When creating fully immersive content using Metal, you draw everything the person sees. The result of your drawing efforts is two images, one for each eye, to create a stereosopic effect when viewed on Apple Vision Pro. Use the timing information in the layer to render up to 90 frames a second using a custom rendering loop.

For information about how to draw content with Metal, see Metal.

Add an immersive space for your content

To present your fully immersive experience, configure your app with an ImmersiveSpace scene that gets its content from a CompositorLayer type. This type provides the LayerRenderer type you need to set up and run your app’s custom rendering loop. The following example shows how to set up the space and your app’s content.
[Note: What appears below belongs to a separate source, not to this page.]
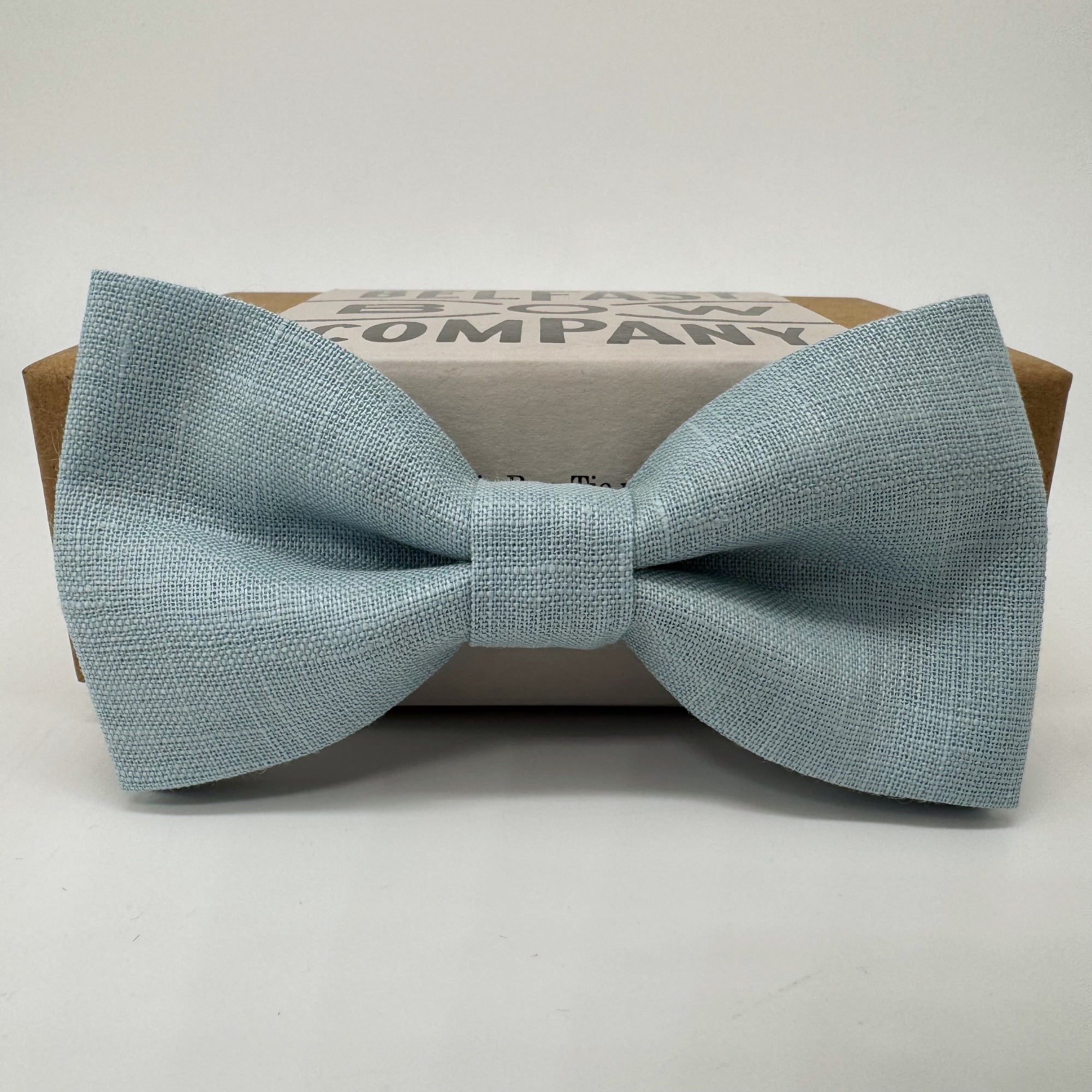Duck Egg Blue Bow Tie in Irish Linen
In the closure for the CompositorLayer type, create a new thread to configure and start your app’s render loop.

final class RendererTaskExecutor: TaskExecutor {
    private let queue = DispatchQueue(label: "RenderThreadQueue", qos: .userInteractive)
    func enqueue(_ job: UnownedJob) {
        queue.async {
            job.runSynchronously(on: self.asUnownedSerialExecutor())
        }
    }
    nonisolated func asUnownedSerialExecutor() -> UnownedTaskExecutor {
        return UnownedTaskExecutor(ordinary: self)
    }
    static var shared: RendererTaskExecutor = RendererTaskExecutor()
}

@main
struct MyApp: App {
    var body: some Scene {
        
        // Display a fully immersive scene that uses Metal for drawing.
        ImmersiveSpace(id: "MyContent") {
            CompositorLayer { layerRenderer in
                // Set up and run the Metal render loop.
                Task(executorPreference: RendererTaskExecutor.shared) {
                    let engine = myEngineCreate(layerRenderer)
                    myEngineRenderLoop(engine)
                }
            }
        }

        // Display a 2D window.
        WindowGroup {
            ContentView()
        }
    }
}

Don’t include any style modifiers on a space that contains a CompositorLayer type. The system automatically configures a space with CompositorLayer content as fully immersive, and ignores any style modifiers.
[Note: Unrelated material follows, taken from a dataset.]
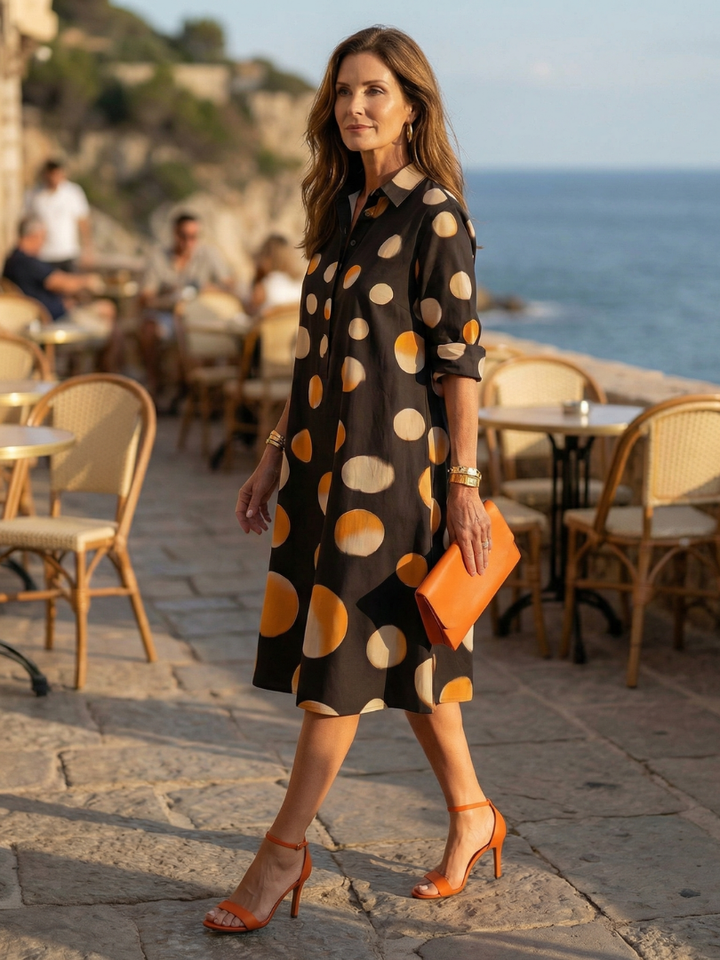 Sofia | Sunset Dot Dress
Typically, apps don’t display an immersive space immediately at launch. Transitioning to a fully immersive experience can be jarring if someone isn’t ready for it, so it’s preferable to display a window first and let someone enter the space when they’re ready. However, if you need to display a space first, add the UIApplicationPreferredDefaultSceneSessionRole key to the UIApplicationSceneManifest in your app’s Info.plist file. Set the value of this key to CPSceneSessionRoleImmersiveSpaceApplication. When this key is present, the system displays the first space it finds in your app’s list of scenes.

Customize the configuration of your layer

If your Metal rendering engine requires specific texture layouts, pixel formats, or rendering options, specify those details when you configure your CompositorLayer type. In your scene creation code, pass a type that adopts CompositorLayerConfiguration as a parameter to your scene content. The system uses that information to configure the Metal textures your LayerRenderer provides. If you don’t provide a custom configuration, Compositor Services uses a set of default configuration values.
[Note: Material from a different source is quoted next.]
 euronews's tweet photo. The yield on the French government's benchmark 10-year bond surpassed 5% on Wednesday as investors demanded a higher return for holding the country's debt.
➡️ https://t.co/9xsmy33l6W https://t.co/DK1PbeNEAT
To specify a set of custom options, define a type that adopts the CompositorLayerConfiguration protocol and implement its makeConfiguration(capabilities:configuration:) method. In your implementation of that method, update the default values in the configuration parameter with your preferred choices. Change only the values you want and leave the other values alone. Configuration options that are available on a device might not be available in Simulator, so use the capabilities parameter to validate your choices before making them. The following example changes the pixel format to one that supports HDR values, and configures the texture layout based on the current foveation setting:

struct MyContentConfiguration: CompositorLayerConfiguration {
    func makeConfiguration(
        capabilities: LayerRenderer.Capabilities, 
        configuration: inout LayerRenderer.Configuration
    ) {
        let supportsFoveation = capabilities.supportsFoveation
        let supportedLayouts = capabilities.supportedLayouts(options: supportsFoveation ?
                                                             [.foveationEnabled] : [])

        configuration.layout = supportedLayouts.contains(.layered) ? .layered : .dedicated
        configuration.isFoveationEnabled = supportsFoveation

        // HDR support
        configuration.colorFormat = .rgba16Float
    }
}

To use your configuration options for rendering, pass your custom CompositorLayerConfiguration type to your CompositorLayer at initialization time. The following example modifies the previous scene’s setup code to include custom configuration data. Compositor Services integrates your configuration details into the LayerRenderer type it creates.

@main
struct MyApp: App {
    var body: some Scene {
        
        ImmersiveSpace(id: "MyContent") {
            CompositorLayer(configuration: MyContentConfiguration()) { layerRenderer in
                // Set up and run the Metal render loop.
                Task(executorPreference: RendererTaskExecutor.shared) {
                    let engine = myEngineCreate(layerRenderer)
                    myEngineRenderLoop(engine)
                }
            }
        }
        // Other scenes...
    }
}

Configure your app’s rendering loop

When your app displays a space with a CompositorLayer, the system runs the code you provide. Use that code to configure your Metal rendering engine and spawn a thread for your rendering loop, but don’t start rendering your content immediately. Instead, check the state of the LayerRenderer type to see if the scene is actually running. The system might leave a scene in the LayerRenderer.State.paused state while it confirms the person wants to enter the fully immersive experience. The system changes the state to LayerRenderer.State.running only when it’s ready to display your scene’s content.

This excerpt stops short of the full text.